I'd rather not blindly rewrite, so I thought I'd check here first, since my guess would be the bottleneck is elsewhere. I'm reading character by character, so the only functions I'm using are get()
, peek()
, and tellg()/seekg()
.
Update:
I profiled, and got confusing output - gprof didn't appear to think that it took so long. I rewrote the program to read the entire file into a buffer first, and it sped up by about 100x. I think the problem may have been the tellg()/seekg()
that took a long time, but gprof may have been unable to see that for some reason. In any case, ifstream
does not appear to buffer the entire file, even for this size.
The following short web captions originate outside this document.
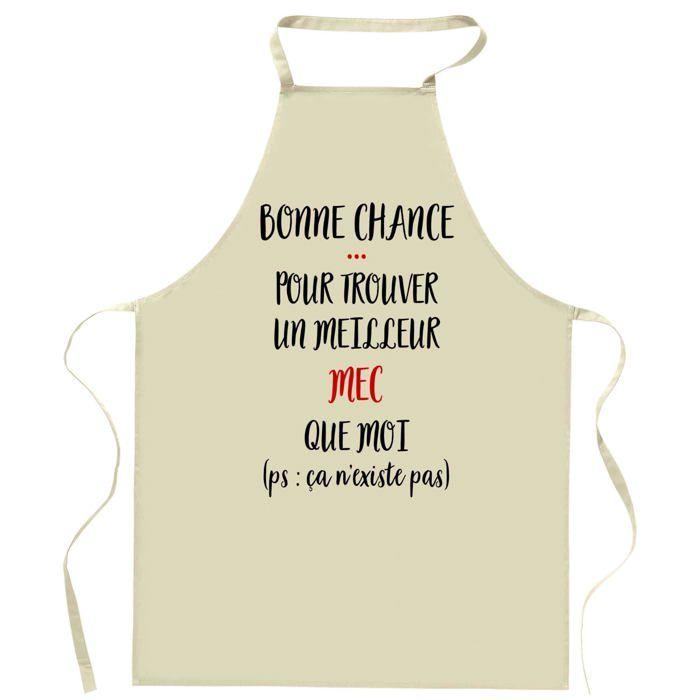 Tablier de cuisine - Mec Ca n'existe pas - Coton épais - Imprimé en France - Motif humour
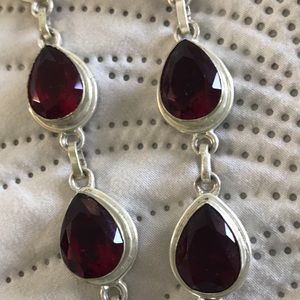 Red faceted stone 925 sterling silver necklace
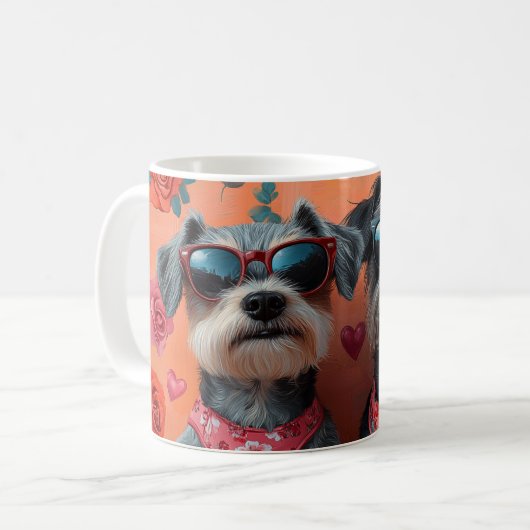Drahthaar Pointing Griffon Heart Valentine's Day Kaffeetasse (Vorderseite Links)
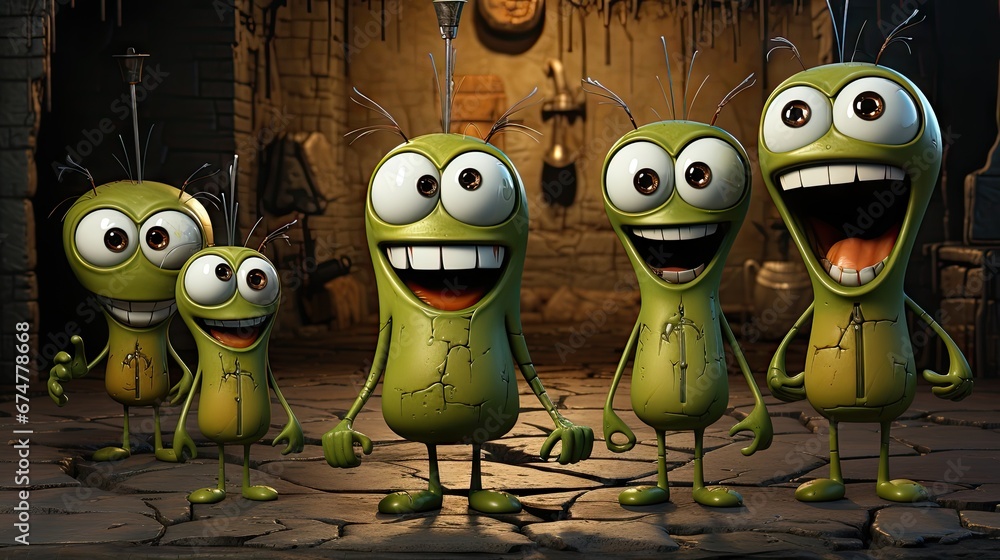 Aufkleber a group of cartoon characters standing next to each other in a room with a wall in the background th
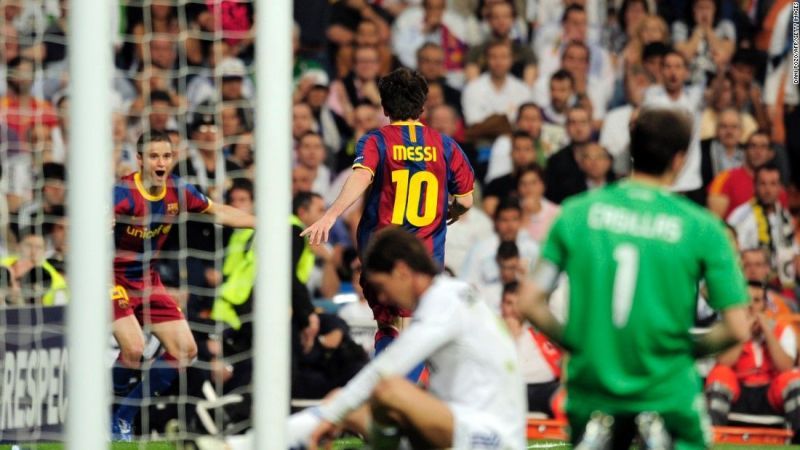 Messi after scoring against Real Madrid in the semis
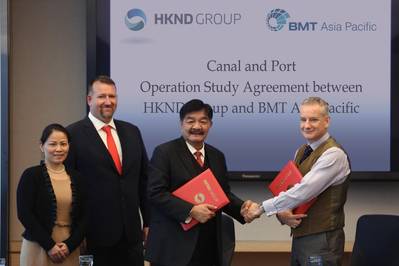 (Left to right): Li Wenjie (CEO Representative and CAO of HKND Group), John Murray (Senior Advisor of HKND Group) and Kwok Wai Pang (Executive Vice President of HKND Group), Dr Richard D Colwill (Managing Director of BMT Asia Pacific) (Photo: BMT)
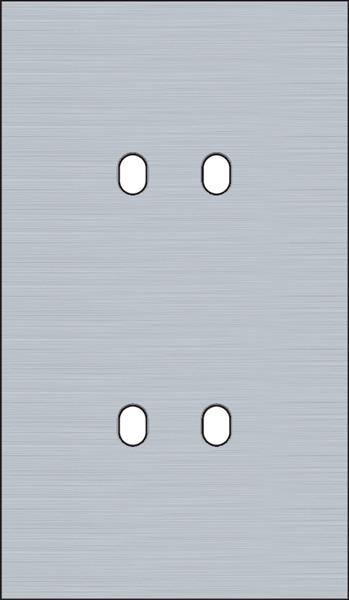 Plaque de recouvrement double, verticale 60mm d'entraxe, pour des fonctions d'interrupteur double, N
I don't think that'd make a difference. Especially if you're reading char by char, the overhead of I/O is likely to completely dominate anything else. Why do you read single bytes at a time? You know how extremely inefficient it is?
On a 326kb file, the fastest solution will most likely be to just read it into memory at once.
The difference between std::ifstream and the C equivalents, is basically a virtual function call or two. It may make a difference if executed a few tens of million times per second, otherwise, not reall. file I/O is generally so slow that the API used to access it doesn't really matter. What matters far more is the read/write pattern. Lots of seeks are bad, sequential reads/writes good.